-- Information given --
--------------------

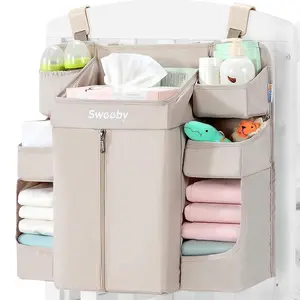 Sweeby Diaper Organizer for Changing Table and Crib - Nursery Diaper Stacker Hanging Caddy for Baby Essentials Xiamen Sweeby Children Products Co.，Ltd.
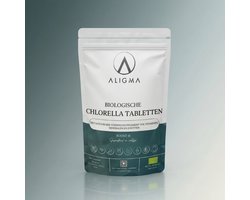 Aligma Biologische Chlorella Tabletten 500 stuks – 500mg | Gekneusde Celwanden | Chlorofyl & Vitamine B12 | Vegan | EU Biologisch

--------------------

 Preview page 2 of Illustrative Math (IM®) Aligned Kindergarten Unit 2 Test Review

--------------------

-- What the task asks --
Copy out the listing above from the line containing "Sweeby Diaper Organizer" to the line containing "Aligma Biologische Chlorella", both included, exactly as written and minus the images.

-- Answer for this exercise --
 Sweeby Diaper Organizer for Changing Table and Crib - Nursery Diaper Stacker Hanging Caddy for Baby Essentials Xiamen Sweeby Children Products Co.，Ltd.
 Aligma Biologische Chlorella Tabletten 500 stuks – 500mg | Gekneusde Celwanden | Chlorofyl & Vitamine B12 | Vegan | EU Biologisch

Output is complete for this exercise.